El gobierno actual eligió una estrategia diferente, el mentado “desendeudamiento”, que consistió en dos canjes con importantes quitas de capital, pero distintos mecanismos de indexación por los que lograron que el 93% de los acreedores aceptaran las nuevas reglas de juego. A su vez se canceló deuda con los organismos multilaterales como el famoso pago el FMI del 2005 por casi 10 mil millones de dólares. Luego de estos años de desendeudamiento la Argentina logró efectivamente bajar sustancialmente la relación deuda/PBI, lo que ubica a nuestro país en una situación de solvencia en ese terreno. Pero la contrapartida, tal como lo dijo ayer la presidenta, fue convertirnos en “pagadores seriales”, por lo que en estos diez años, según la misma Cristina, desembolsamos 173.733 millones de dólares. Ese dinero representa casi seis veces el nivel de reservas que nuestro país tiene en el Banco Central y el doble de la fuga de divisas que sufrimos en esta década y que motivó el control cambiario y la restricción de compra de dólares.
Hoy la situación económica Argentina impone discutir seriamente cómo superar las limitaciones estructurales para el crecimiento y el desarrollo, que emergen bajo la forma de síntomas coyunturales: falta de divisas, inflación, déficit fiscal. El problema que subyace es la restricción externa que operó históricamente en nuestro país y nuestra región. El crecimiento económico implica una demanda de dólares que nuestra economía no puede generar y la falta de dólares funciona como un factor de estancamiento económico. A su vez, los miles de millones de dólares que todos los años salen del país para el pago de deuda externa se realizan a costa de las reservas del Banco Central que se encuentran en franca caída. La “espada de Damocles” de la que hablaba Cristina ayer existe y pende sobre nuestro cuello.

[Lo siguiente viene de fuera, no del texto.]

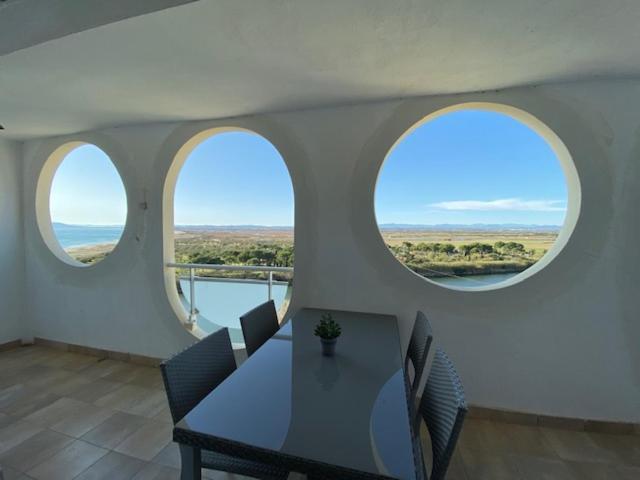 Delta Muga 2 - Apartamento En Primera Línea De Mar Con Vistas Al Mar Y Al Rio - Centro - Playa Ampuriabrava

Los sectores del establishment, que en este punto dejan a un lado su faceta opositora y acuerdan con el gobierno en seguir pagando, proponen salir de este esquema con las recetas ortodoxas: devaluar la moneda, achicar el gasto, volver a endeudarnos con los mercados internacionales. Si queremos evitar estas salidas, la discusión sobre el pago de la deuda externa debe ponerse sobre la mesa. El pago sistemático no presenta sólo un dilema moral en relación con la legitimidad de la deuda contraída, sino un componente fuerte de la restricción actual que sufre nuestro país.

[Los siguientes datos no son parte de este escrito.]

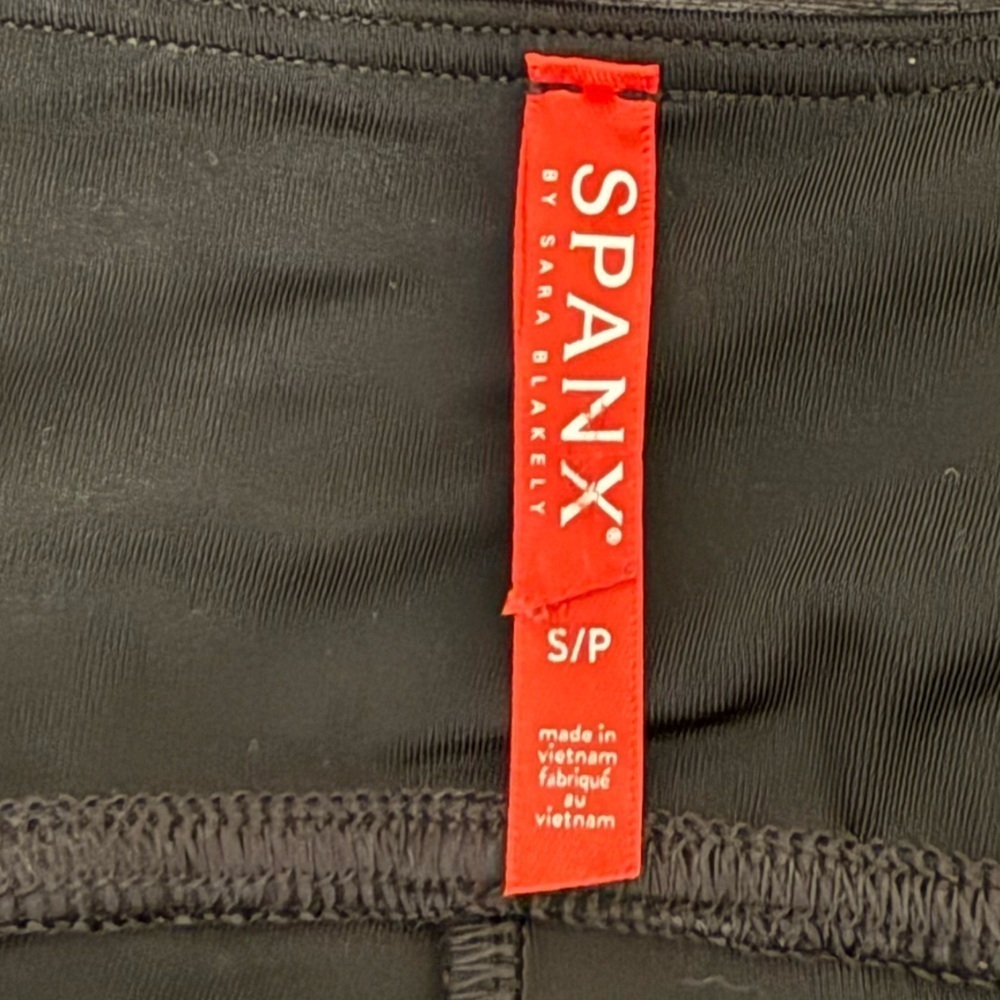 SPANX Faux Leather Leggings - Picture 10 of 11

Una medida imprescindible para relanzar la estrategia de nuestro país en este terreno es la realización de una auditoría sobre el conjunto de la deuda, con el objetivo de discriminar aquella parte que resulta fraudulenta o ilegal, siguiendo las investigaciones existentes. Mientras tanto, los pagos deben suspenderse. Ese es el camino que siguió Ecuador de manera exitosa, a diferencia de nuestro país. Como dijo la presidenta, el origen del dinero pagado a los especuladores es el fruto del esfuerzo de millones de argentinos y argentinas que dejan su energía en su puesto de trabajo. Por esa razón, ese dinero debe ser puesto en función del desarrollo nacional, y no en las arcas de los especuladores.